Your assignment: Reproduce the full listing that appears beneath this instruction exactly.
"""
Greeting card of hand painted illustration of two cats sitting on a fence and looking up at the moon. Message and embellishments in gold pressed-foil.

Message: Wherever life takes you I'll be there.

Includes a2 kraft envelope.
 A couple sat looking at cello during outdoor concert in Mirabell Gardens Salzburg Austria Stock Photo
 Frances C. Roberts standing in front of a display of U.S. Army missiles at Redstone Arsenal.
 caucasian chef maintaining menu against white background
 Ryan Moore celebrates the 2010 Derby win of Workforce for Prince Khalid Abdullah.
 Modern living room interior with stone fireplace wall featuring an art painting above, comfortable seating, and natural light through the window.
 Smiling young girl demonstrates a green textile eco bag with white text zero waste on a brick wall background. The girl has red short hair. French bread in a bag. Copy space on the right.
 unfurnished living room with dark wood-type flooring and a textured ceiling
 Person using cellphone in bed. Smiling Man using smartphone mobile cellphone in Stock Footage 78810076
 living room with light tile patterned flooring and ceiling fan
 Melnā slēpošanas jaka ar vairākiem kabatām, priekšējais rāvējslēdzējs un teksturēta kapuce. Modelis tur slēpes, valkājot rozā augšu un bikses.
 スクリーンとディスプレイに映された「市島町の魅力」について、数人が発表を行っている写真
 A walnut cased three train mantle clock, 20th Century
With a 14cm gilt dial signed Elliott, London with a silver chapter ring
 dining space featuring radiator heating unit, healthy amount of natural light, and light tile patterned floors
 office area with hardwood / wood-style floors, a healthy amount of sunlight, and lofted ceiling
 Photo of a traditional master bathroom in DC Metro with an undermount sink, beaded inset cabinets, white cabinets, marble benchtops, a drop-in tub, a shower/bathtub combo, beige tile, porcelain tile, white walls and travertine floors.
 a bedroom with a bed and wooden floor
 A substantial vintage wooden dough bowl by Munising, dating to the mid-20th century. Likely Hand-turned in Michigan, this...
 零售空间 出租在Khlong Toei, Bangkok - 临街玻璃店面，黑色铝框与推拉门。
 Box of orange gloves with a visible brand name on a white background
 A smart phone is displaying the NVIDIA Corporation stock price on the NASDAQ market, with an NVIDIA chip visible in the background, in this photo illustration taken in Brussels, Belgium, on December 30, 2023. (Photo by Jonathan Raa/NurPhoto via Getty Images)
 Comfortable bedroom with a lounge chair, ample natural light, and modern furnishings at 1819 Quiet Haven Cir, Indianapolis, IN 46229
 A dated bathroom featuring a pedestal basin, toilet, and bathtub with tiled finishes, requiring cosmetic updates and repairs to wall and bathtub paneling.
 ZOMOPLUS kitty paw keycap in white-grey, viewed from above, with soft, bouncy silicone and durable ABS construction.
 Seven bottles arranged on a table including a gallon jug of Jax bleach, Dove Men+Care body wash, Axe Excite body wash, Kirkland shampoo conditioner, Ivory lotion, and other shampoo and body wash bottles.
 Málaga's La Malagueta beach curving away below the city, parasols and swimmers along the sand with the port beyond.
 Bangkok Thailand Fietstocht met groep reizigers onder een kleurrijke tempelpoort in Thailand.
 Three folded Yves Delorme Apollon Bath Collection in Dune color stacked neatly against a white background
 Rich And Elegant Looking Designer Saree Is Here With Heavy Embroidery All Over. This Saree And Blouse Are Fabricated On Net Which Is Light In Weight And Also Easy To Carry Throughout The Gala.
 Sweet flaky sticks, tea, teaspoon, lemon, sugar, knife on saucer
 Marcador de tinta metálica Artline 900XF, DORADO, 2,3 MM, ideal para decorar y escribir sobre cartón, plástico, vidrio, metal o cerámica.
"""
Solution to this problem:
Greeting card of hand painted illustration of two cats sitting on a fence and looking up at the moon. Message and embellishments in gold pressed-foil.

Message: Wherever life takes you I'll be there.

Includes a2 kraft envelope.
 A couple sat looking at cello during outdoor concert in Mirabell Gardens Salzburg Austria Stock Photo
 Frances C. Roberts standing in front of a display of U.S. Army missiles at Redstone Arsenal.
 caucasian chef maintaining menu against white background
 Ryan Moore celebrates the 2010 Derby win of Workforce for Prince Khalid Abdullah.
 Modern living room interior with stone fireplace wall featuring an art painting above, comfortable seating, and natural light through the window.
 Smiling young girl demonstrates a green textile eco bag with white text zero waste on a brick wall background. The girl has red short hair. French bread in a bag. Copy space on the right.
 unfurnished living room with dark wood-type flooring and a textured ceiling
 Person using cellphone in bed. Smiling Man using smartphone mobile cellphone in Stock Footage 78810076
 living room with light tile patterned flooring and ceiling fan
 Melnā slēpošanas jaka ar vairākiem kabatām, priekšējais rāvējslēdzējs un teksturēta kapuce. Modelis tur slēpes, valkājot rozā augšu un bikses.
 スクリーンとディスプレイに映された「市島町の魅力」について、数人が発表を行っている写真
 A walnut cased three train mantle clock, 20th Century
With a 14cm gilt dial signed Elliott, London with a silver chapter ring
 dining space featuring radiator heating unit, healthy amount of natural light, and light tile patterned floors
 office area with hardwood / wood-style floors, a healthy amount of sunlight, and lofted ceiling
 Photo of a traditional master bathroom in DC Metro with an undermount sink, beaded inset cabinets, white cabinets, marble benchtops, a drop-in tub, a shower/bathtub combo, beige tile, porcelain tile, white walls and travertine floors.
 a bedroom with a bed and wooden floor
 A substantial vintage wooden dough bowl by Munising, dating to the mid-20th century. Likely Hand-turned in Michigan, this...
 零售空间 出租在Khlong Toei, Bangkok - 临街玻璃店面，黑色铝框与推拉门。
 Box of orange gloves with a visible brand name on a white background
 A smart phone is displaying the NVIDIA Corporation stock price on the NASDAQ market, with an NVIDIA chip visible in the background, in this photo illustration taken in Brussels, Belgium, on December 30, 2023. (Photo by Jonathan Raa/NurPhoto via Getty Images)
 Comfortable bedroom with a lounge chair, ample natural light, and modern furnishings at 1819 Quiet Haven Cir, Indianapolis, IN 46229
 A dated bathroom featuring a pedestal basin, toilet, and bathtub with tiled finishes, requiring cosmetic updates and repairs to wall and bathtub paneling.
 ZOMOPLUS kitty paw keycap in white-grey, viewed from above, with soft, bouncy silicone and durable ABS construction.
 Seven bottles arranged on a table including a gallon jug of Jax bleach, Dove Men+Care body wash, Axe Excite body wash, Kirkland shampoo conditioner, Ivory lotion, and other shampoo and body wash bottles.
 Málaga's La Malagueta beach curving away below the city, parasols and swimmers along the sand with the port beyond.
 Bangkok Thailand Fietstocht met groep reizigers onder een kleurrijke tempelpoort in Thailand.
 Three folded Yves Delorme Apollon Bath Collection in Dune color stacked neatly against a white background
 Rich And Elegant Looking Designer Saree Is Here With Heavy Embroidery All Over. This Saree And Blouse Are Fabricated On Net Which Is Light In Weight And Also Easy To Carry Throughout The Gala.
 Sweet flaky sticks, tea, teaspoon, lemon, sugar, knife on saucer
 Marcador de tinta metálica Artline 900XF, DORADO, 2,3 MM, ideal para decorar y escribir sobre cartón, plástico, vidrio, metal o cerámica.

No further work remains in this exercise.